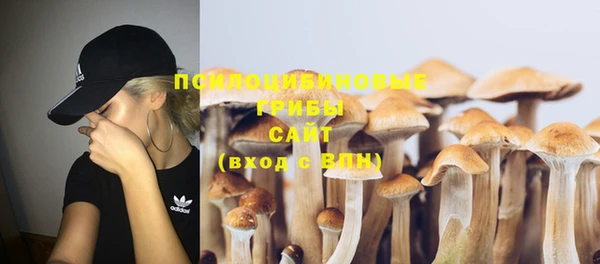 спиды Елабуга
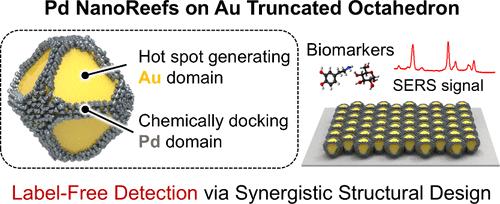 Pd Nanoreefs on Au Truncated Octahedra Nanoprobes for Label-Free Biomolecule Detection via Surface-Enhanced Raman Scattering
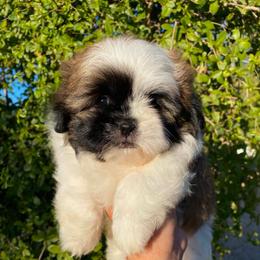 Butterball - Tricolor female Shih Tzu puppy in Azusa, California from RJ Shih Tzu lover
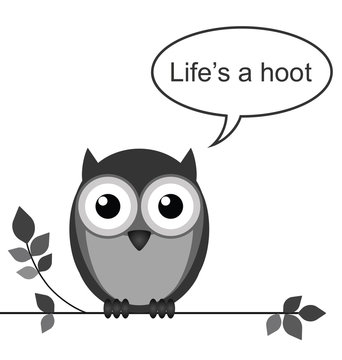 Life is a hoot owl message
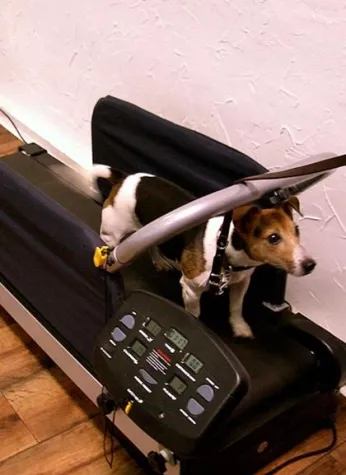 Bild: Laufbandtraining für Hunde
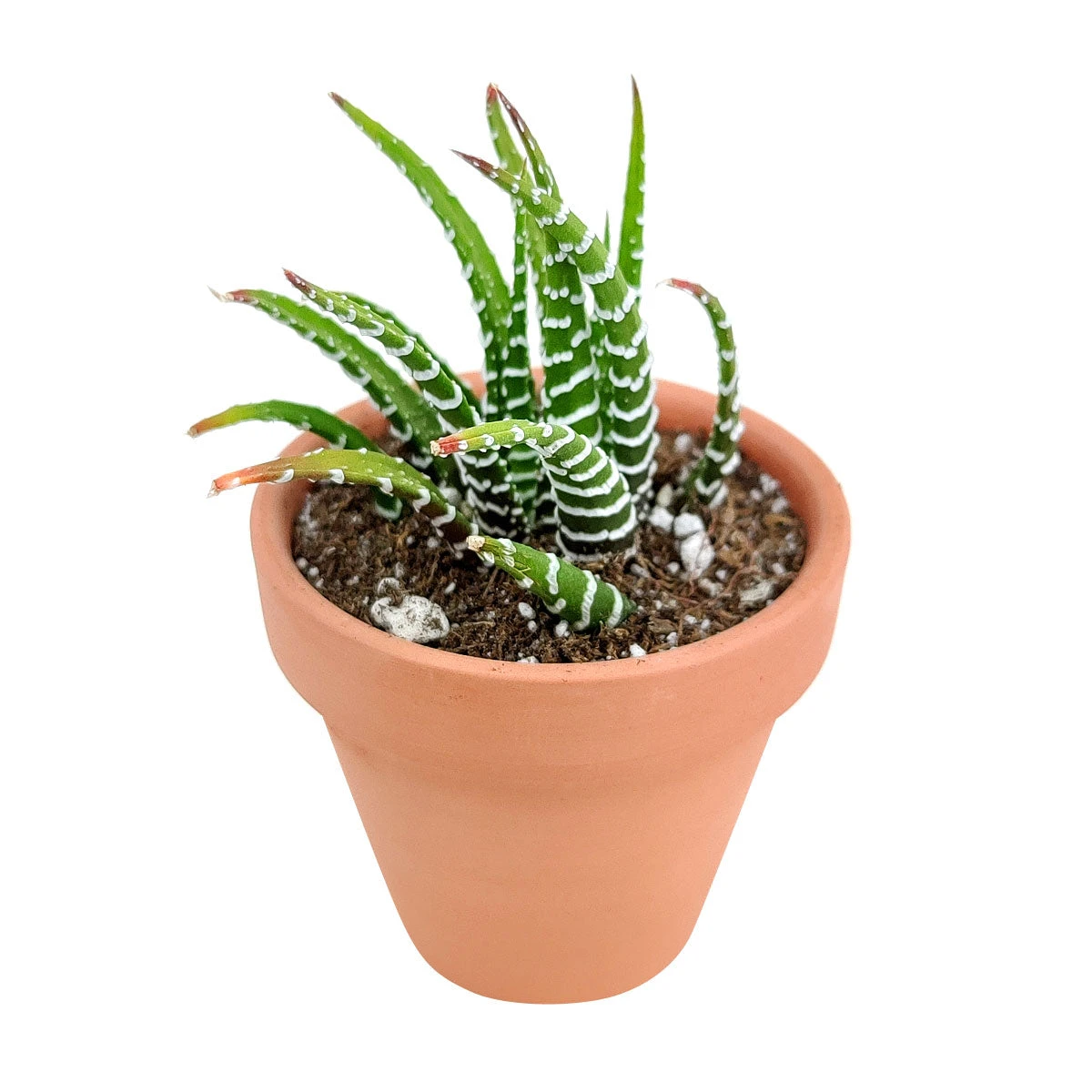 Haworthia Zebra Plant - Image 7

==

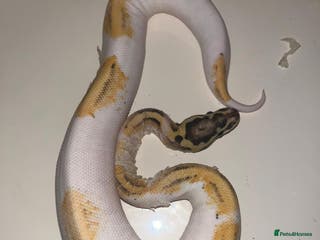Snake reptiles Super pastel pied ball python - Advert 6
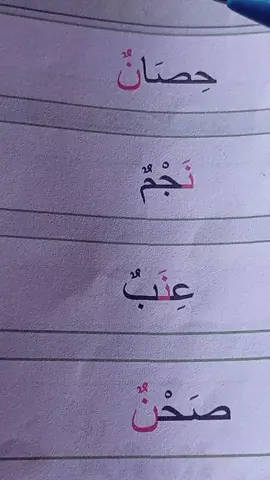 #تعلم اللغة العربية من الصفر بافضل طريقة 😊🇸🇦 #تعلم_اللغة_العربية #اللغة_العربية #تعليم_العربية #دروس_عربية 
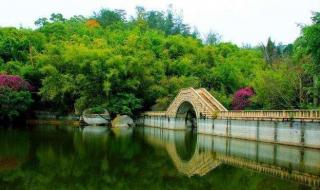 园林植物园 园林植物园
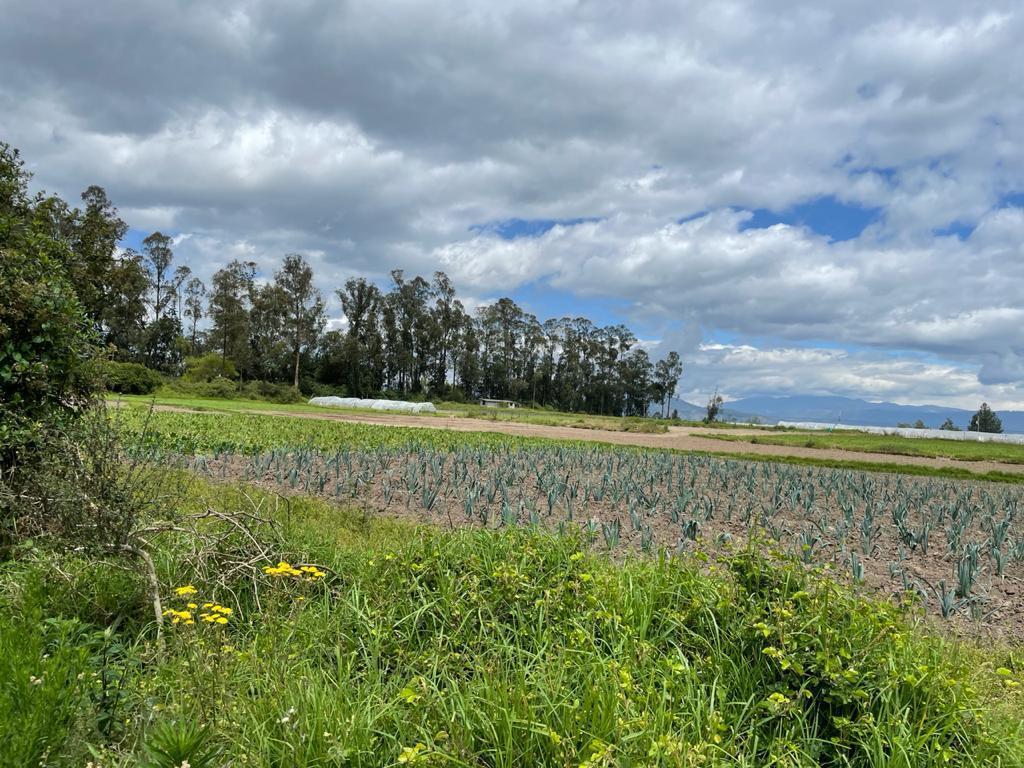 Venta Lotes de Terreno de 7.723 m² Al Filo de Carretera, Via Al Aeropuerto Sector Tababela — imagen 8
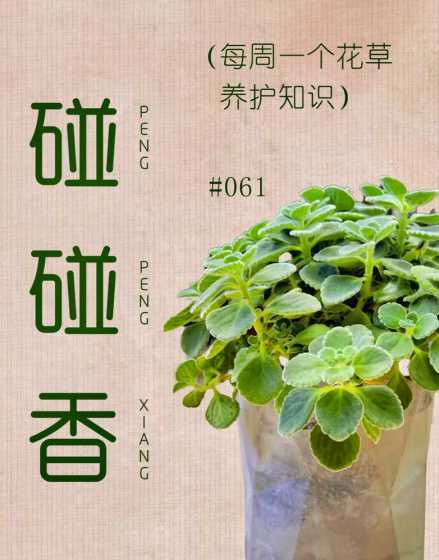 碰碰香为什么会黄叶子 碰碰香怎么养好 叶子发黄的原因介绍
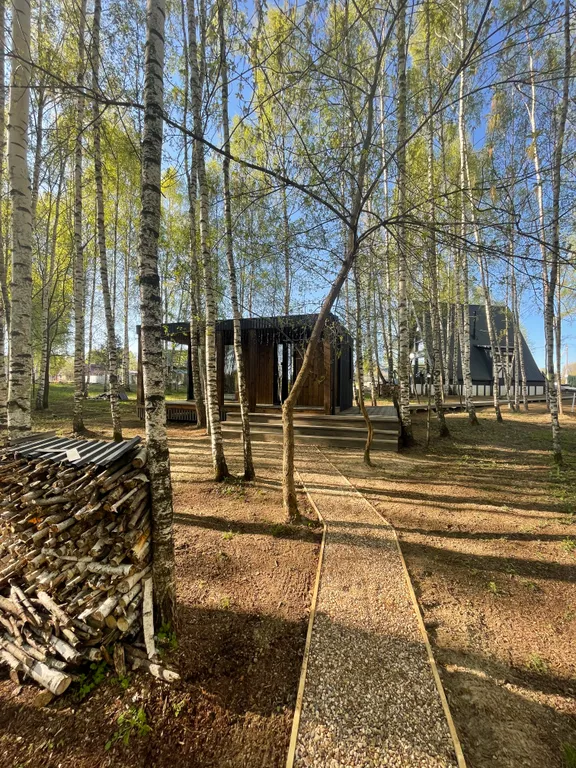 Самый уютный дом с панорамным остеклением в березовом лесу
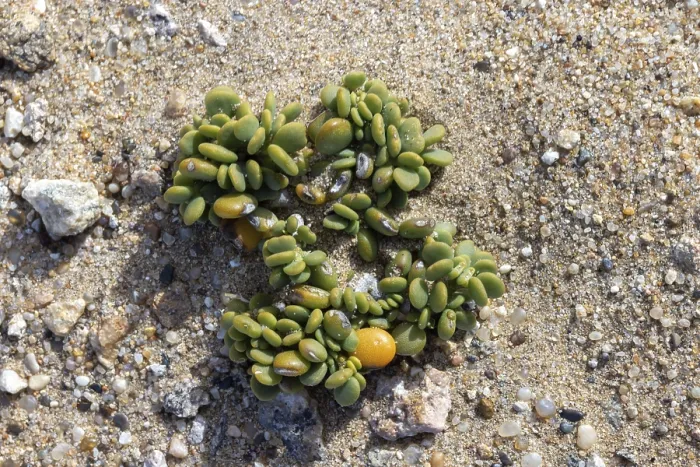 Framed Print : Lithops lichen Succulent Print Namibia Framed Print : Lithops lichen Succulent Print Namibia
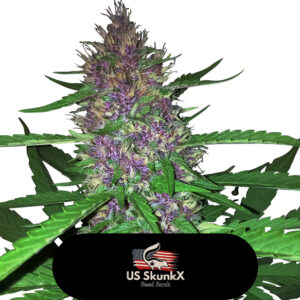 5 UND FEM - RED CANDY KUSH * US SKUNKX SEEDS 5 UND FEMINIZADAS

* * *

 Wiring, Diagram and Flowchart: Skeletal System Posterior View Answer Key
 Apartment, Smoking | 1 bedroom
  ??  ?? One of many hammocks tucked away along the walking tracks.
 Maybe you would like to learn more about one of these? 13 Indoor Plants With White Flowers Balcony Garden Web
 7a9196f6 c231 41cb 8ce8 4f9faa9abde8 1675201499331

## Work to be completed
Above are some entries. Restate word for word the lines from the one holding "Snake reptiles Super" through the one holding "碰碰香为什么会黄叶子 碰碰香怎么养好 叶子发黄的原因介绍", but not the pictures.

## Task result
Snake reptiles Super pastel pied ball python - Advert 6
 #تعلم اللغة العربية من الصفر بافضل طريقة 😊🇸🇦 #تعلم_اللغة_العربية #اللغة_العربية #تعليم_العربية #دروس_عربية 
 园林植物园 园林植物园
 Venta Lotes de Terreno de 7.723 m² Al Filo de Carretera, Via Al Aeropuerto Sector Tababela — imagen 8
 碰碰香为什么会黄叶子 碰碰香怎么养好 叶子发黄的原因介绍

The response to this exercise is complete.